Slight Aware Enhancement Transformer and Multiple Matching Network for Real-Time UAV Tracking
Anping Deng, Guangliang Han, Dianbin Chen, Tianjiao Ma, Zhichao Liu
Abstract
Based on the versatility and effectiveness of the siamese neural network, the technology of unmanned aerial vehicle visual object tracking has found widespread application in various fields including military reconnaissance, intelligent transportation, and visual positioning. However, due to complex factors, such as occlusions, viewpoint changes, and interference from similar objects during UAV tracking, most existing siamese neural network trackers struggle to combine superior performance with efficiency. To tackle this challenge, this paper proposes a novel SiamSTM tracker that is based on Slight Aware Enhancement Transformer and Multiple matching networks for real-time UAV tracking.

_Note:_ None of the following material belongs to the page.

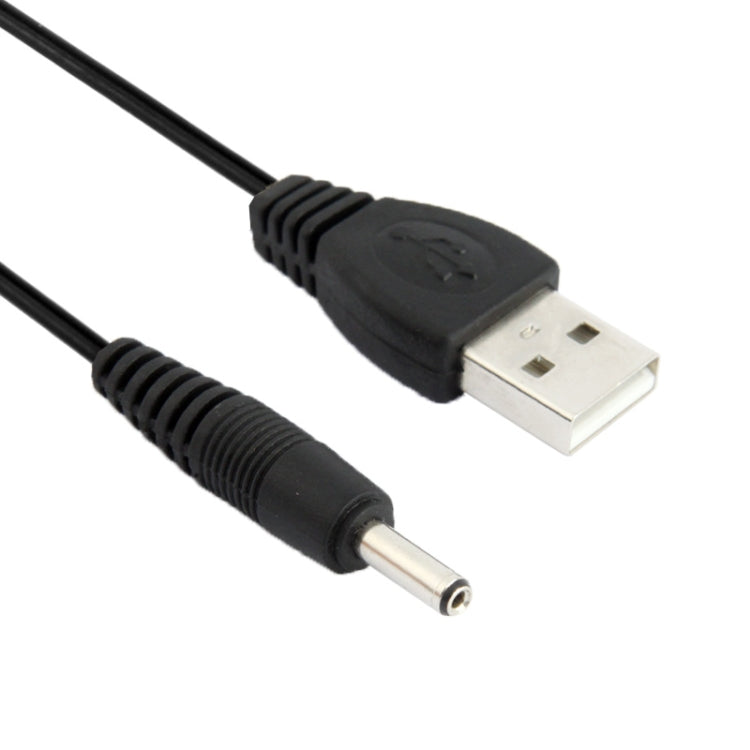 Cable de alimentación USB macho a CC de 3,5 x 1,35 mm, longitud: 1,2 m, Length: 1.2m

The SiamSTM leverages lightweight transformers to encode robust target appearance features while using the Multiple matching networks to fully perceive response map information and enhance the tracker’s ability to distinguish between the target and background. The results are impressive: evaluation results based on three UAV tracking benchmarks showed superior speed and precision. Moreover, SiamSTM achieves over 35 FPS on NVIDIA Jetson AGX Xavier, which satisfies the real-time requirements in engineering.